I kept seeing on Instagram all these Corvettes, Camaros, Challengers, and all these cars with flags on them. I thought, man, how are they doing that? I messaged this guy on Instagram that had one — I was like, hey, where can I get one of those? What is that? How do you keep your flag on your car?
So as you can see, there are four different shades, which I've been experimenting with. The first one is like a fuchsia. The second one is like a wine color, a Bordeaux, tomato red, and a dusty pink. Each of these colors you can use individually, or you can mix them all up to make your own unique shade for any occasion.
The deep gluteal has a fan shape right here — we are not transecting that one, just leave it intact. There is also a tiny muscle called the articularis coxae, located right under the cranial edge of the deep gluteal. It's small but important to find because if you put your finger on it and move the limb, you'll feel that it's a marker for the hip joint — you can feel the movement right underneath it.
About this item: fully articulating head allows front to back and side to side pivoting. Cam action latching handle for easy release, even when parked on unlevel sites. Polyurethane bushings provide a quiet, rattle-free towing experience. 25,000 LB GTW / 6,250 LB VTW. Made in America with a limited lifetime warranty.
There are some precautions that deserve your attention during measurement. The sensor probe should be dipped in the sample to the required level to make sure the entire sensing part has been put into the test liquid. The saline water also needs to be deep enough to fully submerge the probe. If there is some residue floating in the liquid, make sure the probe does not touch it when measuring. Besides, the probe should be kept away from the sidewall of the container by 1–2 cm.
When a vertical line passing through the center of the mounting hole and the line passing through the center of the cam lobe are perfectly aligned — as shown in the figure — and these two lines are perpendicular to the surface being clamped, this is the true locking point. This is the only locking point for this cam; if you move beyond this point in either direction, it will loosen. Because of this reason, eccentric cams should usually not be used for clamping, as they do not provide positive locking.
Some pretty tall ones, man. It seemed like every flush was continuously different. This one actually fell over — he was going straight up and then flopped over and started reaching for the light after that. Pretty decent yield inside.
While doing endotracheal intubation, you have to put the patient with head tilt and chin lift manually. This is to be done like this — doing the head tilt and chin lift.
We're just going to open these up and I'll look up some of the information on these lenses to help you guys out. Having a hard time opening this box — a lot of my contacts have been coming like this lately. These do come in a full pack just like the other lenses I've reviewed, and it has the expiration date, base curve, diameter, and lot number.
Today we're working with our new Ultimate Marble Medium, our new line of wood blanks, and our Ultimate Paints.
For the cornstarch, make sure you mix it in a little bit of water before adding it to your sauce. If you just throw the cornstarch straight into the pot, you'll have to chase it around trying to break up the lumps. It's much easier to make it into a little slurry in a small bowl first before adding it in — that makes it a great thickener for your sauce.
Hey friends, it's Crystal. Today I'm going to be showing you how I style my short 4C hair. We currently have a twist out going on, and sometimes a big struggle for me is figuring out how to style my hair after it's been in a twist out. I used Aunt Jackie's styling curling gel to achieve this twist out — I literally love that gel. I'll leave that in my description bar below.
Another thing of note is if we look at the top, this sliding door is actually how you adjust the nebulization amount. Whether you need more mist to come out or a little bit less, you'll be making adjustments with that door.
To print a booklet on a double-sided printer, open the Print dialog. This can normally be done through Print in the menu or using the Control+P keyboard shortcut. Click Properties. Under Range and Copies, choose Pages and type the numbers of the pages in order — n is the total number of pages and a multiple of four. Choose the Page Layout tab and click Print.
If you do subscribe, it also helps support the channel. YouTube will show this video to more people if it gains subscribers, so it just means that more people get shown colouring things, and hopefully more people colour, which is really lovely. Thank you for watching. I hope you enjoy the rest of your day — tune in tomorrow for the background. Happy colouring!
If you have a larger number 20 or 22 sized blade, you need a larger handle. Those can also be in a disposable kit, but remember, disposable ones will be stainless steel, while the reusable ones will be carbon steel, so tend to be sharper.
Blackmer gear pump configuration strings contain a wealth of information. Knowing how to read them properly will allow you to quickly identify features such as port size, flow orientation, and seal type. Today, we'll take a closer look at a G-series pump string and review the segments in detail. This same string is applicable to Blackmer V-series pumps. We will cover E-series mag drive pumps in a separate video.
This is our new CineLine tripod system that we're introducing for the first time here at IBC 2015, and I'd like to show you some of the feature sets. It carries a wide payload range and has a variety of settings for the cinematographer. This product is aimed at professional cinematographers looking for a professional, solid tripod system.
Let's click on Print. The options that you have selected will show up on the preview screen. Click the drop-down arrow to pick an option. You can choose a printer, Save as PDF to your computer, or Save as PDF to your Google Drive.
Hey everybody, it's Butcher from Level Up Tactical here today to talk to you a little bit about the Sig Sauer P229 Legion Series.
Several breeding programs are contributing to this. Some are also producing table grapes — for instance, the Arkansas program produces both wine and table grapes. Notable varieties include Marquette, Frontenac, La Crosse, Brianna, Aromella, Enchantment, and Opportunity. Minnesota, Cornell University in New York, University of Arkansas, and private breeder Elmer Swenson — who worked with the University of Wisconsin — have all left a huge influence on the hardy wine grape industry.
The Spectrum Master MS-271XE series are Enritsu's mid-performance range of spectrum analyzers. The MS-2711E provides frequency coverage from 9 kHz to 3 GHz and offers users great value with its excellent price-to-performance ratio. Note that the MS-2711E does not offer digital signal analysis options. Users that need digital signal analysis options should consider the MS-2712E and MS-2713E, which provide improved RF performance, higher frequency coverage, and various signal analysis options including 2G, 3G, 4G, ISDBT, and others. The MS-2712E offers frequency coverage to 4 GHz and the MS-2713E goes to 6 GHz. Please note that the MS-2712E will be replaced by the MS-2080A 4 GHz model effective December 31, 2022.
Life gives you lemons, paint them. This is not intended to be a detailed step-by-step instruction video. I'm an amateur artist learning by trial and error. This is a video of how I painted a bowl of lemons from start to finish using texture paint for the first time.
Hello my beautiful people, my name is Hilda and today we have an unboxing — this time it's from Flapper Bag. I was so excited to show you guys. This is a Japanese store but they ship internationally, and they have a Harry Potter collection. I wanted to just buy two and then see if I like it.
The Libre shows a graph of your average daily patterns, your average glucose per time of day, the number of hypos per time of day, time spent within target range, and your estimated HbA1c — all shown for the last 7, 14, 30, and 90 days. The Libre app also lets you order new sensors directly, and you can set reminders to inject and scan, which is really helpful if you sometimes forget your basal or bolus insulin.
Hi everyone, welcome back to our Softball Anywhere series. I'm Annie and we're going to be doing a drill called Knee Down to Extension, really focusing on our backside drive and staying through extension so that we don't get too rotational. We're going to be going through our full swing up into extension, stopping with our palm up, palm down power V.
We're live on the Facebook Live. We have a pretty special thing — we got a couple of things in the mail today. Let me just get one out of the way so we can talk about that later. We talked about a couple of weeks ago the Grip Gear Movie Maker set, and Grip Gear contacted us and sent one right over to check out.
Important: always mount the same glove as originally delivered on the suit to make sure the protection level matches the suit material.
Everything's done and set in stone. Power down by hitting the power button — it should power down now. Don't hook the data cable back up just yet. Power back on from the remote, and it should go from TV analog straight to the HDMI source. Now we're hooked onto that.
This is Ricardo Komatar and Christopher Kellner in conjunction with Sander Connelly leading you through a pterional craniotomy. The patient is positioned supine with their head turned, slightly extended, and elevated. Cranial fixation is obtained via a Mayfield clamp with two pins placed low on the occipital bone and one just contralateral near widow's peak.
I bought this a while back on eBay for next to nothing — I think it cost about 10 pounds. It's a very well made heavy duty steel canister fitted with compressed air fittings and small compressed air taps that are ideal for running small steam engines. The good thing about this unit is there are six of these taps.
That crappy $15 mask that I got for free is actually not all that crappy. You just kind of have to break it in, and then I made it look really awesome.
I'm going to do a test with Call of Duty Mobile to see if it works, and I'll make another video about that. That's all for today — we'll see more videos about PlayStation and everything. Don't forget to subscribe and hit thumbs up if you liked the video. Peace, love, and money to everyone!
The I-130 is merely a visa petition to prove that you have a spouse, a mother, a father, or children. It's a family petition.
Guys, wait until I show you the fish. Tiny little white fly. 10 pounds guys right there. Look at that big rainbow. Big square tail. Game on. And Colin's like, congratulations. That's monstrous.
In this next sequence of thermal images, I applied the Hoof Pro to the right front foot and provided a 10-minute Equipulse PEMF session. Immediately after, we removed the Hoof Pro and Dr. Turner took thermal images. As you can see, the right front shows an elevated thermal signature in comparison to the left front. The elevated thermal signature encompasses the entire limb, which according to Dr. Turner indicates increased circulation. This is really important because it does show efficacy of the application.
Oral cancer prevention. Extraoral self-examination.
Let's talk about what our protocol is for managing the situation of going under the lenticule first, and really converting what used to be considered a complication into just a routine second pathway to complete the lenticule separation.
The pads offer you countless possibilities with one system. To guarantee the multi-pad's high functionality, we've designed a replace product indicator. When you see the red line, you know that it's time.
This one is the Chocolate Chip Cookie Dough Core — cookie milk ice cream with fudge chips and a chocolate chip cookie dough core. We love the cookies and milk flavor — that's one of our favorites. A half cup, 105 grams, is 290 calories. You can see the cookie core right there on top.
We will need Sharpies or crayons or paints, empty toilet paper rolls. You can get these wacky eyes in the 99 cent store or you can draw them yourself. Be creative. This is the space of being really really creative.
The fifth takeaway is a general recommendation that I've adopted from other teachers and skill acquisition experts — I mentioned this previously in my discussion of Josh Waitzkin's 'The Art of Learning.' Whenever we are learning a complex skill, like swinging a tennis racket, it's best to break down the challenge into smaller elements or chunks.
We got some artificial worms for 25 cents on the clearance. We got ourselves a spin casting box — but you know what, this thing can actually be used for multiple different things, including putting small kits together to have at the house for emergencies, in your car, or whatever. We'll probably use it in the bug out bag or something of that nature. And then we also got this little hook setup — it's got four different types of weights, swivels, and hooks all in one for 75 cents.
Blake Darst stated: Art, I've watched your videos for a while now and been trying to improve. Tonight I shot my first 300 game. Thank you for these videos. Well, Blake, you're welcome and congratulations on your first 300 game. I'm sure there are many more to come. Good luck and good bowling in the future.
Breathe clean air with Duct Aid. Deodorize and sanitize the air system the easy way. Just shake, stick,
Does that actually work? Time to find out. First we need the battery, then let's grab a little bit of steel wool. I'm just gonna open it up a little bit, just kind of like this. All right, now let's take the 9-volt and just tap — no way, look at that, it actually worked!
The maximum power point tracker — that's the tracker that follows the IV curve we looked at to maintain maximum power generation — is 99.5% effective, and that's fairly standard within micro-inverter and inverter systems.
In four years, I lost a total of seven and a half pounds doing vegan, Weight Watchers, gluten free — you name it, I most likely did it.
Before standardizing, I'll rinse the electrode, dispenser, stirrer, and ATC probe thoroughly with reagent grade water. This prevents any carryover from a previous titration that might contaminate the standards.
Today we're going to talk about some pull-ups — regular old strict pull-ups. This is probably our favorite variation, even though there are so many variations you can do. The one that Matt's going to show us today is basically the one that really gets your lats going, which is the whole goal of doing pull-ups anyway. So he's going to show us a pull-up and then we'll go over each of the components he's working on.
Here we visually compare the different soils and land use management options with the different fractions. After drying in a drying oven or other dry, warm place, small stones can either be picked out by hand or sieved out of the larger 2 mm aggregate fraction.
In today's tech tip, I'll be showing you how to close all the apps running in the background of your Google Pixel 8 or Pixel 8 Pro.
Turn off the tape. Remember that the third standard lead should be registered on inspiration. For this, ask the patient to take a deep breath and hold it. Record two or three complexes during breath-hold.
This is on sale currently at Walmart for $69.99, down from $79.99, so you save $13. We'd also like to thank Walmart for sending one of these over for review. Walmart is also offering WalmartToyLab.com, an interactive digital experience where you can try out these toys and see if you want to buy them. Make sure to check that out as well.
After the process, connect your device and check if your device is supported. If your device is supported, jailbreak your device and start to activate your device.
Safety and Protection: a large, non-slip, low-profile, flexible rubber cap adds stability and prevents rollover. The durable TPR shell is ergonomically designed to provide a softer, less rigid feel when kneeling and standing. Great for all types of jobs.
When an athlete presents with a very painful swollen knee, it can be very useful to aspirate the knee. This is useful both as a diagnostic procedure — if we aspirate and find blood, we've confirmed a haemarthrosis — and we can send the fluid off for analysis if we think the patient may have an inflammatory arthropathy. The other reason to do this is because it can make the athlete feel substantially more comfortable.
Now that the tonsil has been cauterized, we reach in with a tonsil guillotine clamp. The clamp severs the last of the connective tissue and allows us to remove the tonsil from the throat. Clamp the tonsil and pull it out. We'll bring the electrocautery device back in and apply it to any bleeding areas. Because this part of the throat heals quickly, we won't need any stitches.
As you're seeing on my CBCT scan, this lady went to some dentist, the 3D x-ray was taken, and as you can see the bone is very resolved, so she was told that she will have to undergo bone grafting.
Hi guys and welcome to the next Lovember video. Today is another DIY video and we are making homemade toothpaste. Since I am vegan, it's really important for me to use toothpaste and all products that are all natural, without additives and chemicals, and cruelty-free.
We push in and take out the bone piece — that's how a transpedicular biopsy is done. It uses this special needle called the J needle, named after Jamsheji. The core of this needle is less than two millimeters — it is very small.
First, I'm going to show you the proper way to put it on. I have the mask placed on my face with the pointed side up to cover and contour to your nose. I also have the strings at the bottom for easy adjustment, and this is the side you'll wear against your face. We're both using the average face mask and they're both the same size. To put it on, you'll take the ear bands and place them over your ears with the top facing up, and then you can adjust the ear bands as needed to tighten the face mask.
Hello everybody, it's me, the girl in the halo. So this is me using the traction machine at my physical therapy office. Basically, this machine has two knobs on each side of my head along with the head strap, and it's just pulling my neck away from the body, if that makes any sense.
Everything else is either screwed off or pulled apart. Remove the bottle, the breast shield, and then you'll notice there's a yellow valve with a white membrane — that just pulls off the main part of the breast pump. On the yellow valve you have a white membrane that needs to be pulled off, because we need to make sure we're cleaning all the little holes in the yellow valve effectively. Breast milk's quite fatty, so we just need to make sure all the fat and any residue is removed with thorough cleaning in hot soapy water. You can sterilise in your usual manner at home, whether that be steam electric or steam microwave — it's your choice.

════

**Problem**
Using the data above, extract exactly the lines from the one that holds "In this next" to the one that holds "The fifth takeaway", both ends included, and no others.

**Task response**
In this next sequence of thermal images, I applied the Hoof Pro to the right front foot and provided a 10-minute Equipulse PEMF session. Immediately after, we removed the Hoof Pro and Dr. Turner took thermal images. As you can see, the right front shows an elevated thermal signature in comparison to the left front. The elevated thermal signature encompasses the entire limb, which according to Dr. Turner indicates increased circulation. This is really important because it does show efficacy of the application.
Oral cancer prevention. Extraoral self-examination.
Let's talk about what our protocol is for managing the situation of going under the lenticule first, and really converting what used to be considered a complication into just a routine second pathway to complete the lenticule separation.
The pads offer you countless possibilities with one system. To guarantee the multi-pad's high functionality, we've designed a replace product indicator. When you see the red line, you know that it's time.
This one is the Chocolate Chip Cookie Dough Core — cookie milk ice cream with fudge chips and a chocolate chip cookie dough core. We love the cookies and milk flavor — that's one of our favorites. A half cup, 105 grams, is 290 calories. You can see the cookie core right there on top.
We will need Sharpies or crayons or paints, empty toilet paper rolls. You can get these wacky eyes in the 99 cent store or you can draw them yourself. Be creative. This is the space of being really really creative.
The fifth takeaway is a general recommendation that I've adopted from other teachers and skill acquisition experts — I mentioned this previously in my discussion of Josh Waitzkin's 'The Art of Learning.' Whenever we are learning a complex skill, like swinging a tennis racket, it's best to break down the challenge into smaller elements or chunks.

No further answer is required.